## Abstract

Transport networks are ubiquitous in both social and biological systems. Robust network performance involves a complex trade-off involving cost, transport efficiency, and fault tolerance. Biological networks have been honed by many cycles of evolutionary selection pressure and are likely to yield reasonable solutions to such combinatorial optimization problems. Furthermore, they develop without centralized control and may represent a readily scalable solution for growing networks in general. We show that the slime mold *Physarum polycephalum* forms networks with comparable efficiency, fault tolerance, and cost to those of real-world infrastructure networks—in this case, the Tokyo rail system. The core mechanisms needed for adaptive network formation can be captured in a biologically inspired mathematical model that may be useful to guide network construction in other domains.

Transport networks are a critical part of the infrastructure needed to operate a modern industrial society and facilitate efficient movement of people, resources, energy, and information. Despite their importance, most networks have emerged without clear global design principles and are constrained by the priorities imposed at their initiation. Thus, the main motivation historically was to achieve high transport efficiency at reasonable cost, but with correspondingly less emphasis on making systems tolerant to interruption or failure. Introducing robustness inevitably requires additional redundant pathways that are not cost-effective in the short term. In recent years, the spectacular failure of key infrastructure such as power grids (*1*, *2*), financial systems (*3*, *4*), airline baggage-handling systems (*5*), and railway networks (*6*), as well as the predicted vulnerability of systems such as information networks (*7*) or supply networks (*8*) to attack, have highlighted the need to develop networks with greater intrinsic resilience.

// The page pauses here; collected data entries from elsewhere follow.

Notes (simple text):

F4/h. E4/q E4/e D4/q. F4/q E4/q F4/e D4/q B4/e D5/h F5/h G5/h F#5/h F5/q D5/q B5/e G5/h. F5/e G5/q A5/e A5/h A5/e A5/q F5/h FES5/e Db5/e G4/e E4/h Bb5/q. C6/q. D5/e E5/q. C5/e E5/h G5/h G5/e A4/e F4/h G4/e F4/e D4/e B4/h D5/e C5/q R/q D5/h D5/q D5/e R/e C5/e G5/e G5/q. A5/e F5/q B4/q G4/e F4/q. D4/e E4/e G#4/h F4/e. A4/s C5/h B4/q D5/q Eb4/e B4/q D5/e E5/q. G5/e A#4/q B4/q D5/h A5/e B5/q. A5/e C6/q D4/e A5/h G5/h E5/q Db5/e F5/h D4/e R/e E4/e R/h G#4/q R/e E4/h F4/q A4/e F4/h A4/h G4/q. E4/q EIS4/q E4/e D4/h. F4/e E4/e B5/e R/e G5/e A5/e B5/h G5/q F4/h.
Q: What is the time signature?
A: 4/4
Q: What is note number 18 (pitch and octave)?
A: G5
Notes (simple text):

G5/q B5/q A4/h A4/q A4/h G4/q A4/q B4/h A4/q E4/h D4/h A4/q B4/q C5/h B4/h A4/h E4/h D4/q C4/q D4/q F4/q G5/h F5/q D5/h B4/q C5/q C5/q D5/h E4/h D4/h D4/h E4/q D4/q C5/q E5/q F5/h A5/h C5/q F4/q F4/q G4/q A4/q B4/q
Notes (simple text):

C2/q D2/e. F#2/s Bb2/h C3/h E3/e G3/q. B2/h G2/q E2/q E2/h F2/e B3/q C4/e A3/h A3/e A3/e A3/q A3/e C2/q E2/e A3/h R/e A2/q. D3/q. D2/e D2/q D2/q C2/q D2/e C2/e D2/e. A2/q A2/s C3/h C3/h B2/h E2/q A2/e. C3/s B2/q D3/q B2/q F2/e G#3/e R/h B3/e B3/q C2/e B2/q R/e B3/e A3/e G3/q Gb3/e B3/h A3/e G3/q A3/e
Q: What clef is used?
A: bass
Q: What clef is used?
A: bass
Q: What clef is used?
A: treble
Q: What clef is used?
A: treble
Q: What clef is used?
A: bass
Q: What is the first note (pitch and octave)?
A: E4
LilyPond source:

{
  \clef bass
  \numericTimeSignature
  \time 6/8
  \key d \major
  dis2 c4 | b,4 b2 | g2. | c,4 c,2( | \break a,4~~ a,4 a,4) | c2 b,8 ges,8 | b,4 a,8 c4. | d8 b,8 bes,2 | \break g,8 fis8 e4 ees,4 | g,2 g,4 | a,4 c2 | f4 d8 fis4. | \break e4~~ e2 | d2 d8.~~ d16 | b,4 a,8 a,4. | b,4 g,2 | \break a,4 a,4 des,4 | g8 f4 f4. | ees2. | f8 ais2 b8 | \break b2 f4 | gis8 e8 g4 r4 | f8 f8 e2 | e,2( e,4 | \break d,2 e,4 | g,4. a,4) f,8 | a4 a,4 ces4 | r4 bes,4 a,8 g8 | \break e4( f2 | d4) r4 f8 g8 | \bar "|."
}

Some organisms grow in the form of an interconnected network as part of their normal foraging strategy to discover and exploit new resources (*9*–*12*). Such systems continuously adapt to their environment and must balance the cost of producing an efficient network with the consequences of even limited failure in a competitive world. Unlike anthropogenic infrastructure systems, these biological networks have been subjected to successive rounds of evolutionary selection and are likely to have reached a point at which cost, efficiency, and resilience are appropriately balanced. Drawing inspiration from biology has led to useful approaches to problem-solving such as neural networks, genetic algorithms, and efficient search routines developed from ant colony optimization algorithms (*13*). We exploited the slime mold *Physarum polycephalum* to develop a biologically inspired model for adaptive network development.

*Physarum* is a large, single-celled amoeboid organism that forages for patchily distributed food sources. The individual plasmodium initially explores with a relatively contiguous foraging margin to maximize the area searched. However, behind the margin, this is resolved into a tubular network linking the discovered food sources through direct connections, additional intermediate junctions (Steiner points) that reduce the overall length of the connecting network, and the formation of occasional cross-links that improve overall transport efficiency and resilience (*11*, *12*). The growth of the plasmodium is influenced by the characteristics of the substrate (*14*) and can be constrained by physical barriers (*15*) or influenced by the light regime (*16*), facilitating experimental investigation of the rules underlying network formation. Thus, for example, *Physarum* can find the shortest path through a maze (*15*–*17*) or connect different arrays of food sources in an efficient manner with low total length (TL) yet short average minimum distance (MD) between pairs of food sources (FSs), with a high degree of fault tolerance (FT) to accidental disconnection (*11*, *18*, *19*). Capturing the essence of this system in simple rules might be useful in guiding the development of decentralized networks in other domains.

We observed *Physarum* connecting a template of 36 FSs that represented geographical locations of cities in the Tokyo area, and compared the result with the actual rail network in Japan. The *Physarum* plasmodium was allowed to grow from Tokyo and initially filled much of the available land space, but then concentrated on FSs by thinning out the network to leave a subset of larger, interconnecting tubes (Fig. 1). An alternative protocol, in which the plasmodium was allowed to extend fully in the available space and the FSs were then presented simultaneously, yielded similar results. To complete the network formation, we allowed any excess volume of plasmodium to accumulate on a large FS outside the arena (LFS in Fig. 2A).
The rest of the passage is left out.